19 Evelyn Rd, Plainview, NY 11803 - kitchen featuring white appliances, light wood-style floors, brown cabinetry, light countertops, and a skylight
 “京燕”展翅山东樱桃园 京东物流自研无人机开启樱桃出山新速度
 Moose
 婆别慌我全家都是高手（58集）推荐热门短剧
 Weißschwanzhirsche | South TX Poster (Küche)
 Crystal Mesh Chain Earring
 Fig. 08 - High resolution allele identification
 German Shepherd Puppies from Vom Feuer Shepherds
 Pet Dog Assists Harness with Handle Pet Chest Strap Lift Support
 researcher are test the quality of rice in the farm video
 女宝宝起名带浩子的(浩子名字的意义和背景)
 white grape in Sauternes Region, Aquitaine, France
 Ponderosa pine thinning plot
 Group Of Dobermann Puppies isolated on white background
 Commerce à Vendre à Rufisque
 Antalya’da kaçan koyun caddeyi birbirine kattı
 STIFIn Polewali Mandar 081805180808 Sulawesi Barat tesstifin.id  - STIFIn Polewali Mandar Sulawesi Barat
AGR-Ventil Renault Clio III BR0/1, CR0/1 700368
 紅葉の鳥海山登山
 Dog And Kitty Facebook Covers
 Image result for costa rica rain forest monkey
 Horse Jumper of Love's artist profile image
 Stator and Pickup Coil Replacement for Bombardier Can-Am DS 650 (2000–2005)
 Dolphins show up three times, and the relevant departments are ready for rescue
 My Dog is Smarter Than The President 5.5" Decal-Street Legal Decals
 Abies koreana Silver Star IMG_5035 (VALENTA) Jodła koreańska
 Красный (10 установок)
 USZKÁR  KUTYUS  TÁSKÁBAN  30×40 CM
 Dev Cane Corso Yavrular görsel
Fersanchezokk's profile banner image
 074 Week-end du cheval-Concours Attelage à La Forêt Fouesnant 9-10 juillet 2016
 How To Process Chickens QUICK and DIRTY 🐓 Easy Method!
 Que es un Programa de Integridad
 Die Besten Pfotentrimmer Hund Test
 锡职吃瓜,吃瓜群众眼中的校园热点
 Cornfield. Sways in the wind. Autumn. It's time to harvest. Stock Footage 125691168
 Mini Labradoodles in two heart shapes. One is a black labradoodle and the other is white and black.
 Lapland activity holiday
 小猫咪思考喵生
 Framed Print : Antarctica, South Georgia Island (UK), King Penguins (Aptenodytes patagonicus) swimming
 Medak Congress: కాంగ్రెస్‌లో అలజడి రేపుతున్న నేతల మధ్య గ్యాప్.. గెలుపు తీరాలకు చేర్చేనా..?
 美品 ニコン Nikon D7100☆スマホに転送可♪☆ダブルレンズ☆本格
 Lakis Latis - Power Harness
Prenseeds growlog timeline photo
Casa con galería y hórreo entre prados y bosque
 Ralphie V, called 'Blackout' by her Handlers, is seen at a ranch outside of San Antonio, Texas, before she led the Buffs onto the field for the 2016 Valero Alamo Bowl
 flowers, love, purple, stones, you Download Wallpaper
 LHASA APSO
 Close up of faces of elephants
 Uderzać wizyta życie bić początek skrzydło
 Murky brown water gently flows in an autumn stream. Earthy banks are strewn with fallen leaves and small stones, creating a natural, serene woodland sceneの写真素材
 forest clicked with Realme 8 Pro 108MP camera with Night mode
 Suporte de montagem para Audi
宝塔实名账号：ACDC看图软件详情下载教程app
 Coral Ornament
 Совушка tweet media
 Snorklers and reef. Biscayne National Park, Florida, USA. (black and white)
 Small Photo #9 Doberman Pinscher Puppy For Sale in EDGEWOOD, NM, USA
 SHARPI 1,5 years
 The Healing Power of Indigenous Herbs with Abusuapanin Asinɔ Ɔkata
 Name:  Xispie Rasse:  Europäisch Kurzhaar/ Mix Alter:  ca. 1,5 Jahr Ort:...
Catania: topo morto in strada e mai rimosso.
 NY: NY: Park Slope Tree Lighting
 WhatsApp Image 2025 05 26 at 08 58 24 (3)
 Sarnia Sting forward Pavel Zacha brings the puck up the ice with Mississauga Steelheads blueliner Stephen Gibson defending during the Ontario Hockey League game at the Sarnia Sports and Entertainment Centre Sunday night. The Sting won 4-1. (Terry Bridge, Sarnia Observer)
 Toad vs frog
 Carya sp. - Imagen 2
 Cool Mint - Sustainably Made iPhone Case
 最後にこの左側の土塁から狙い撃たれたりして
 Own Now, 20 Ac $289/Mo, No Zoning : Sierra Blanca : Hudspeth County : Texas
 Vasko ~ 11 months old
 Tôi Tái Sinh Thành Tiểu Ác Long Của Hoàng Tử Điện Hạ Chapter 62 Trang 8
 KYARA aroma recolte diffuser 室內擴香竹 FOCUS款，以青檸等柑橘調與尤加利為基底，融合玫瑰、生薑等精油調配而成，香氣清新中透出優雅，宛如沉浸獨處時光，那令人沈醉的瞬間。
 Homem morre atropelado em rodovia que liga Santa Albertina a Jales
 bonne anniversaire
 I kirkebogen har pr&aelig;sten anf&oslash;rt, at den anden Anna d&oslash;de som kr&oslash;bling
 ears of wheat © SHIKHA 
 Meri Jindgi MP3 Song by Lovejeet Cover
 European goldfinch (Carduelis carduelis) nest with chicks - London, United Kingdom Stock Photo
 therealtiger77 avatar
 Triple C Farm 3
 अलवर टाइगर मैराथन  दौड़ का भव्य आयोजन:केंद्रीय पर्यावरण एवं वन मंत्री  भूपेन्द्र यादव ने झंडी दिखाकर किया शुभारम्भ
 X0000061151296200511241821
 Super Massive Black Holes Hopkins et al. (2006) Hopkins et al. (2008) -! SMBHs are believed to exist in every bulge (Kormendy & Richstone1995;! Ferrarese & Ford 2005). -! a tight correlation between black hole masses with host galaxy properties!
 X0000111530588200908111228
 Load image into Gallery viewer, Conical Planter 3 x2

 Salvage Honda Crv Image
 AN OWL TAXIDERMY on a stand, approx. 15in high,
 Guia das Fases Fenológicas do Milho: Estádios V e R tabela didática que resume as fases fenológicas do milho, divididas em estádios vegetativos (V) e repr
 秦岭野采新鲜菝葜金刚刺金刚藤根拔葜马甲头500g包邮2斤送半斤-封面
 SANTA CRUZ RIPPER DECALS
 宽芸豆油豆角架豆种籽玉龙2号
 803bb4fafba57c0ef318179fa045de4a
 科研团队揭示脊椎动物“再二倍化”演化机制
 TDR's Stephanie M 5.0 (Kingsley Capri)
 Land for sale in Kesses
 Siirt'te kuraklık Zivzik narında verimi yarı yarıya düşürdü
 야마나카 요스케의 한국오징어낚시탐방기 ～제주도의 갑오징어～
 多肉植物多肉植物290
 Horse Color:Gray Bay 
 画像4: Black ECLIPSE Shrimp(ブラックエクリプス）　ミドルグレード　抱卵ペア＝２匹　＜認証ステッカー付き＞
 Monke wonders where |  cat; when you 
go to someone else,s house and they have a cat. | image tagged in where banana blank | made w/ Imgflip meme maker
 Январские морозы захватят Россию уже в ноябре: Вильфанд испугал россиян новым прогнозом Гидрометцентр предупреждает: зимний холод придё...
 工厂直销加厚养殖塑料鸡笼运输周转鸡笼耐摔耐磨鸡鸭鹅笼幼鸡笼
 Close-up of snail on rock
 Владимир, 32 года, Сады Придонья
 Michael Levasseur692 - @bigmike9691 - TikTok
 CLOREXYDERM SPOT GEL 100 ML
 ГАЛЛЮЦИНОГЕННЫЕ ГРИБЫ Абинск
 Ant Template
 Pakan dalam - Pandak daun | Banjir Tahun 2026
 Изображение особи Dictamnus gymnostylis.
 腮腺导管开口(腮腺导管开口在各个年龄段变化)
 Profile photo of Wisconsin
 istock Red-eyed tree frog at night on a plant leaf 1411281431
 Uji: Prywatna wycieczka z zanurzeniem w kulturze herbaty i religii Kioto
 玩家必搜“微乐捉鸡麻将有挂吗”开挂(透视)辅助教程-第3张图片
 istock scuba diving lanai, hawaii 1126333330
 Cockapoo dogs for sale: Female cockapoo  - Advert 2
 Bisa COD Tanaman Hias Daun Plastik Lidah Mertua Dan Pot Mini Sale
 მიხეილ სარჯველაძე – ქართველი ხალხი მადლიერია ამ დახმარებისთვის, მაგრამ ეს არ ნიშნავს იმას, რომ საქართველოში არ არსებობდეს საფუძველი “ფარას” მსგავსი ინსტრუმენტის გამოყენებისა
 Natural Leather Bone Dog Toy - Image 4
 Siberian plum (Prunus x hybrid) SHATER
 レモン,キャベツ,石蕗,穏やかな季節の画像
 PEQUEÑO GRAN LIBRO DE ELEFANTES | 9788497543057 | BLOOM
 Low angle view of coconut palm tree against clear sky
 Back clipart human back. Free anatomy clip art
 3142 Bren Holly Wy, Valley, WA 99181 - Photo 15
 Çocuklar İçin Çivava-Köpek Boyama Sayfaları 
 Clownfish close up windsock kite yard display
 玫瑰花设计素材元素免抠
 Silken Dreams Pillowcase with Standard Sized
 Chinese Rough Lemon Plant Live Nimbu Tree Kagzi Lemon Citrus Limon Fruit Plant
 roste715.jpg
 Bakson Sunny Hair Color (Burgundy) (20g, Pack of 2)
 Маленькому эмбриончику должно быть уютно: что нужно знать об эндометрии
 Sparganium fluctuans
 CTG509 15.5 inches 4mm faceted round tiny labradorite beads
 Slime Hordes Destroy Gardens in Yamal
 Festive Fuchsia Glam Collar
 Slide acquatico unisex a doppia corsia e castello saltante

+++

WORK ORDER: Set down, exactly as they appear, the lines above from the first one to the line that holds "074 Week-end du", both included, please, and no others.

RESPONSE FOR THIS EXERCISE:
19 Evelyn Rd, Plainview, NY 11803 - kitchen featuring white appliances, light wood-style floors, brown cabinetry, light countertops, and a skylight
 “京燕”展翅山东樱桃园 京东物流自研无人机开启樱桃出山新速度
 Moose
 婆别慌我全家都是高手（58集）推荐热门短剧
 Weißschwanzhirsche | South TX Poster (Küche)
 Crystal Mesh Chain Earring
 Fig. 08 - High resolution allele identification
 German Shepherd Puppies from Vom Feuer Shepherds
 Pet Dog Assists Harness with Handle Pet Chest Strap Lift Support
 researcher are test the quality of rice in the farm video
 女宝宝起名带浩子的(浩子名字的意义和背景)
 white grape in Sauternes Region, Aquitaine, France
 Ponderosa pine thinning plot
 Group Of Dobermann Puppies isolated on white background
 Commerce à Vendre à Rufisque
 Antalya’da kaçan koyun caddeyi birbirine kattı
 STIFIn Polewali Mandar 081805180808 Sulawesi Barat tesstifin.id  - STIFIn Polewali Mandar Sulawesi Barat
AGR-Ventil Renault Clio III BR0/1, CR0/1 700368
 紅葉の鳥海山登山
 Dog And Kitty Facebook Covers
 Image result for costa rica rain forest monkey
 Horse Jumper of Love's artist profile image
 Stator and Pickup Coil Replacement for Bombardier Can-Am DS 650 (2000–2005)
 Dolphins show up three times, and the relevant departments are ready for rescue
 My Dog is Smarter Than The President 5.5" Decal-Street Legal Decals
 Abies koreana Silver Star IMG_5035 (VALENTA) Jodła koreańska
 Красный (10 установок)
 USZKÁR  KUTYUS  TÁSKÁBAN  30×40 CM
 Dev Cane Corso Yavrular görsel
Fersanchezokk's profile banner image
 074 Week-end du cheval-Concours Attelage à La Forêt Fouesnant 9-10 juillet 2016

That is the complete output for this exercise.